Woolworths Group said it is “continuing to engage actively with alternative options” for its petrol business.
B&M European Value Retail (BME) has posted its annual report in recent minutes.
The report shows the overall pay of CEO Simon Arora dipped from £1.4m in 2016/17 to £1.38m in 2017/18.
This was despite his basic salary rising from £589k to £612k as he received a smaller annual bonus – which dropped to £618k from £679k last year.
Arora received no awards under its long-term incentive plan in either 2016/17 or 2017/18.

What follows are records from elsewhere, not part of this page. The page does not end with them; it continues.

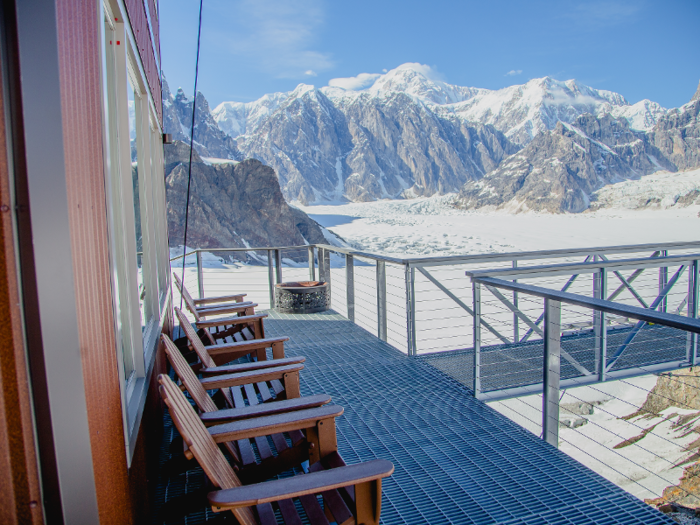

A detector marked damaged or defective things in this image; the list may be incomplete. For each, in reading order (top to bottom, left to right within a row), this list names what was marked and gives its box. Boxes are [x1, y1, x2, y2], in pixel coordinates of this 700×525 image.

rusty brown wall [0, 14, 43, 520]
rusty brown wall [54, 1, 134, 520]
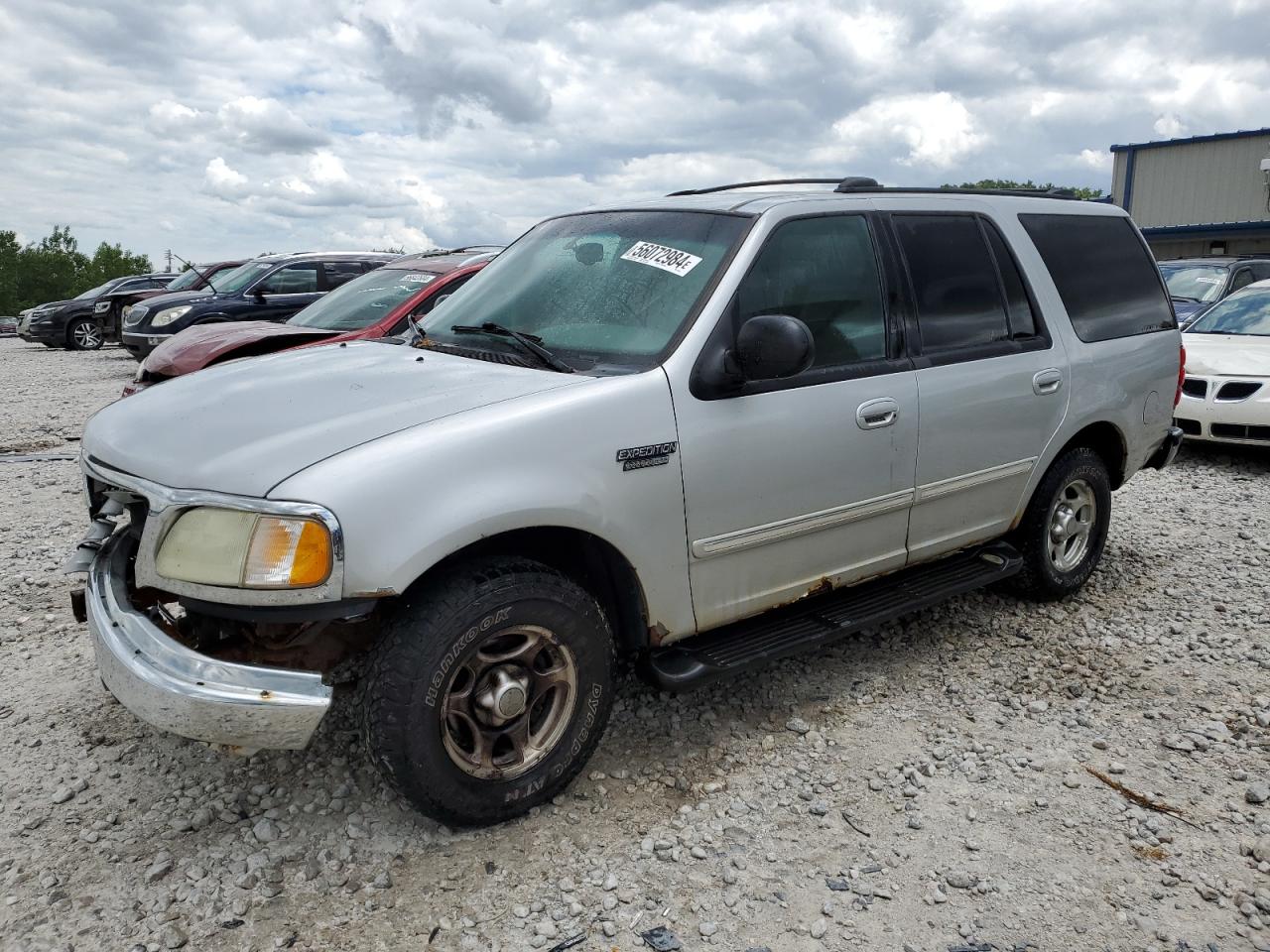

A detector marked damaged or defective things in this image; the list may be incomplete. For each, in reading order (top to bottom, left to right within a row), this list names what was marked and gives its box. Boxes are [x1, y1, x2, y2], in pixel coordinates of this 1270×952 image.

red damaged car [123, 247, 500, 397]
damaged front bumper [85, 532, 333, 746]
rusty wheel [437, 627, 575, 781]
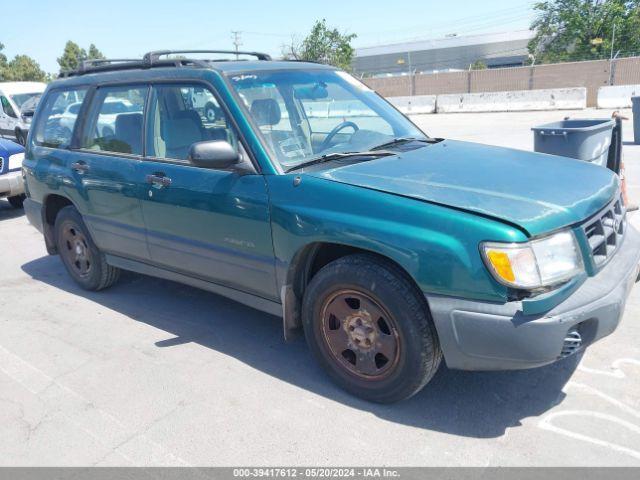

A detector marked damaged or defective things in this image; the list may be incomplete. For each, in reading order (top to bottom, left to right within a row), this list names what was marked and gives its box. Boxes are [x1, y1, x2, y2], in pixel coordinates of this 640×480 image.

rusty wheel [320, 290, 400, 380]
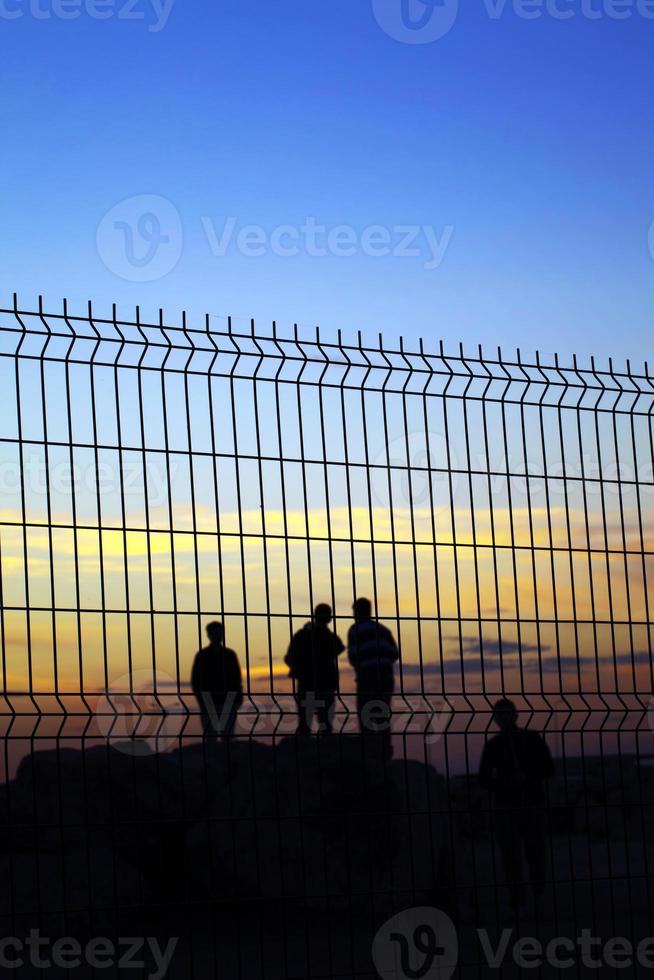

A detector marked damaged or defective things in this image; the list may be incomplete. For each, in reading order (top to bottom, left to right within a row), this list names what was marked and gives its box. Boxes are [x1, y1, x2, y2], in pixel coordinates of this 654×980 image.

bent fence top [1, 298, 654, 764]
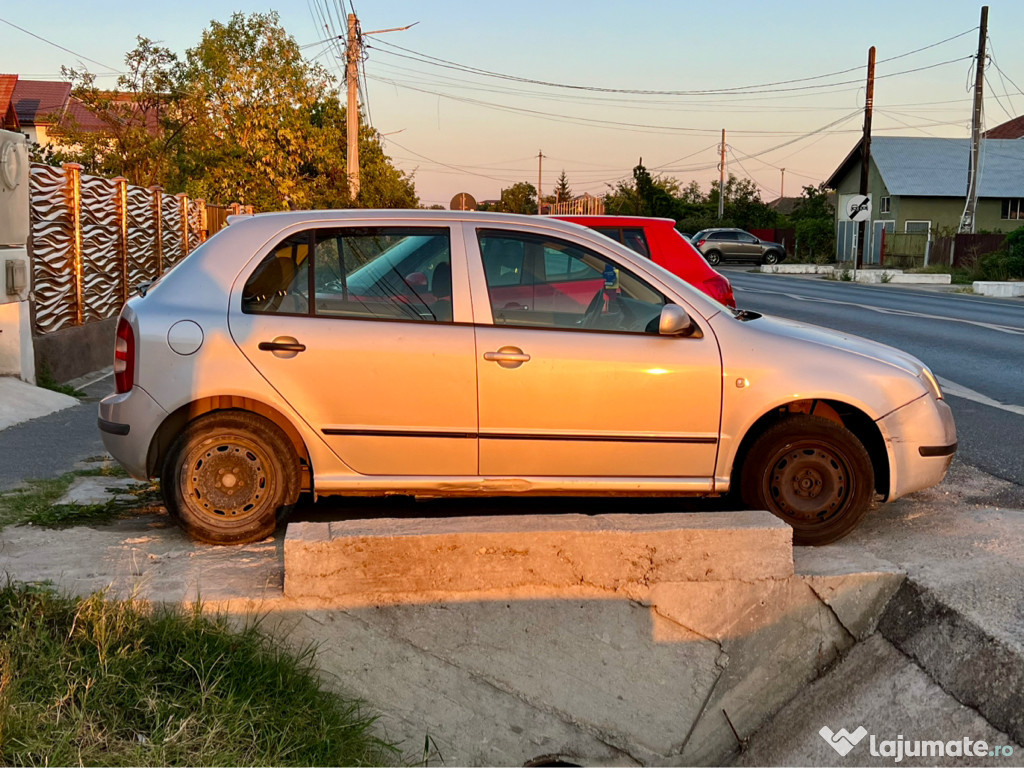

On the markets this morning, the FTSE 100 has opened up a further 0.3% to 7,653.7pts.
Fallers include PayPoint (PAY), down 4.4% to 985p and TATE & Lyle (TATE), down 1.7% to 630p.
Yesterday in the City
The FTSE 100 ended the day up 0.4% with new entrant Ocado (OCDO) the index’s top riser to continue a volatile week for the online grocer.
After immediate plunge on admission to the FTSE on Monday, Ocado surged 5.6% back to 1,001.5p after broker Peel Hunt reiterated its buy rating on the stock despite its huge share price jump since announcing a tie-up with US grocer Kroger.
Also on the rise due to backing from a broker was Imperial Brands (IMB), which was highlighted as a top consumer stock pick by Liberum. The tobacco firm jumped 3.2% yesterday to 2,705p, while competitor British American Tobacco (BATS) also jumped 2.4% to 3,779p on the positive sentiment for the sector.
Also on the rise yesterday was Sainsbury’s (SBRY), which rose 2% to 316.8p, despite a frosty reception for Asda and Sainsbury’s bosses at Westminster yesterday morning. The City shrugged off the hearing, believing nothing new emerged to threaten the completion of Sainsbury’s mega-merger with Asda.
Other risers included SSP Group (SSPG), up 2% to 662.1p, Associated British Foods (ABF), up 1.6% to 2,807p, Tesco (TSCO), up 1.3% to 259.4p, McBride (MCB), up 2.3% to 143.8p and Just Eat (JE), up 2.1% to 823.2p.
Britivic (BVIC), the UK distributer of Pepsi products, shrugged off concerns around the availability of Co2 to rise 1.3% to 775p.
Fallers included Marks & Spencer (MKS), down 1.3% to 293.6p, McColl’s (MCLS), down 6.5% to 215p, PureCircle (PURE), down 2.5% to 387p, Kerry Group (KYGA), down 2% to 88.85 and PZ Cussons (PZC), down 1.2% to 220.4p.